When you start up CPA, it should tell you what the location of the sqlite db is that it’s using. Since it looks like your db is small, you could just send that to me and I could take a look at it myself.

For your second question:

Did you click the lasso tool at the top of the scatterplot frame? This is a fairly recent addition.

How did you get to the data table? Did you just launch it from CPA and then open the per-object table from there? I attached an image of what I get when I double click a ‘*’ cell in the per-object datatable, you can see that there’s a little white box drawn where the center of the selected object is. If your images are large, it may be that you have to scroll to see the box. Careful not to click on the image though, or it will select the nearest cell to where you click.

Oh, re-reading your reply it sounds like you’re actually looking at the enrichments table… is that right? If that’s the case then each row is going to be per-image (default) anyway.

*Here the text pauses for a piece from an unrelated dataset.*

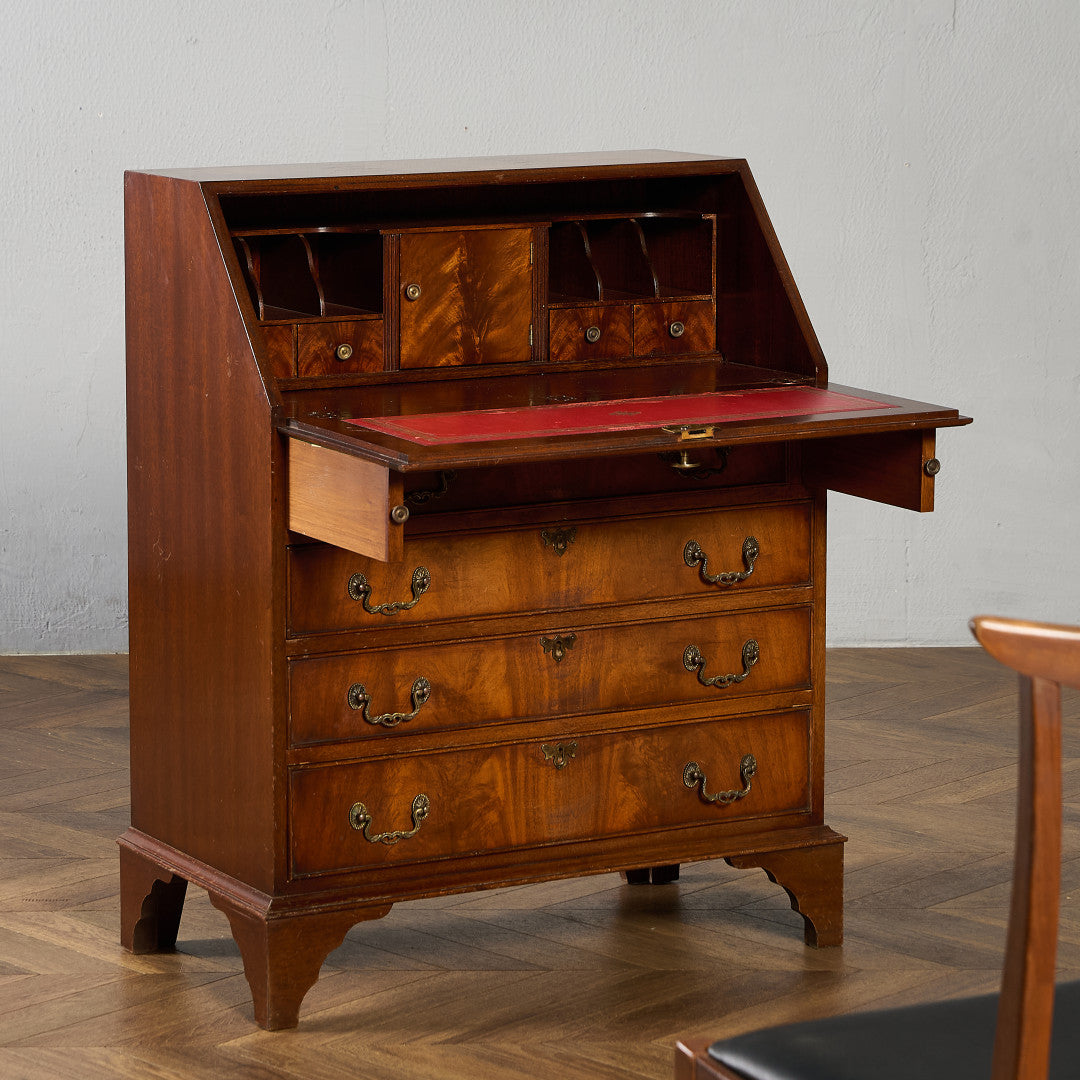 べヴァンファンネル Bevan Funnell – camori ヴィンテージ家具・北欧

I don’t think so, unless I misunderstood something.

The SQL statement returns a value of 0.0 when the LowerQuartileIntensity_OrigBlue field is divided by 2. So, it appears that the field can be operated on as a floating pt value. The scatterplot problem was apparently an issue with my eyes not being able to see the white box. Sorry about any confusion. I included the specific error and trackback message listed in the classifier window when cross validation testing does not work. I also attached the measurement database to see if you can find the field causing the problems.

An error occurred in the program:
TypeError: ‘NoneType’ object is not iterable

Traceback (most recent call last):
File “classifier.pyc”, line 843, in OnCheckProgress
File “fastgentleboosting.pyc”, line 62, in CheckProgress
IGFBP2_2class.rar (3.77 MB)

Are you sure that’s the whole traceback? fastgentleboosting line 62 in by itself wouldn’t cause the error that you pasted.

Also, I looked at your db and all the types look fine. Somewhat concerning however is the fact that there are only two images… this is almost definitely a case that we’ve never seen before. I’ll try copying our example database and deleting all but 2 rows from it to see how it fares.

I have removed the illumination correction part of the image analysis and the number of images processed to try to eliminate sources of uncertainty in the troubleshooting process. I will try including more images to test if it is a special case with only two images.

Please double check the traceback too. Not knowing exactly what code is generating the error is making it really difficult to hypothesize why it’s occurring.